I have battled Depression.

I have battled Anxiety

I have battled Addiction.

I still do.

My demons are my own. I refuse to judge any others. But recently, a great hero of mine, took his own life, after many, many years of battling against a fierce foe. What was he thinking? How could he be so selfish, to take himself away from those who loved him, who needed him, who depended on him...

I don't know his thoughts... I refuse to judge him. But I know mine, and here they are

When you are at your lowest, you feel like a burdain upon those whom love you the most,you are afraid.that they will see that awful part of you that you try so hard to hide, to mask with alcohol, or drugs, or whatever your method of choice might be... You are terrified that they will think they are the cause of your pain. Often the answer is simply, to GO.

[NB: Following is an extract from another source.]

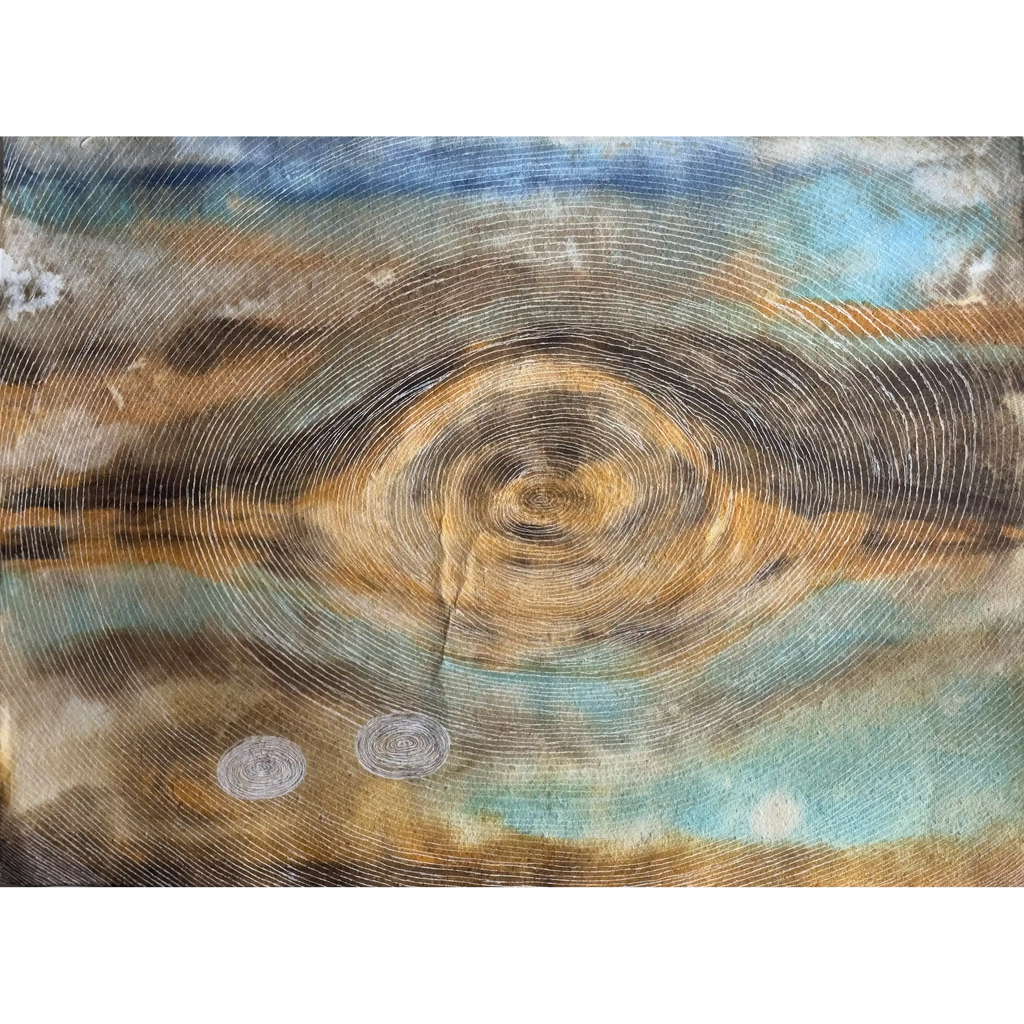 The Eye of Jupitor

I have been there. I have never attempted my own life... Being brought up very religious, I was taught that suicide lands you in HELL. With the devil and the fire and brimstone and all that shit...

But what if you are ALREADY THERE?

Think, please, for a moment. Think about the person in pain. Maybe they Would reach out, but are ashamed... Maybe they want help, but not the stigma?

I was lucky. The night that I was at my lowest, I came home from a gig, and my daughter was still awake... She took my face in her hands and said, " I'm sad, Mommy." At that moment, she meant 100 times more that any pain thatI was in, and I said, "Why baby girl?"

She said, "I missed you so much."

I put her to bed. Cuddled with her. Then went to my back yard and cried. And then decided to get help. There is not a single level of pain worse than that Contemplating suicide. I promise you.

I got lucky. Some aren't so much... Love them and try to understand.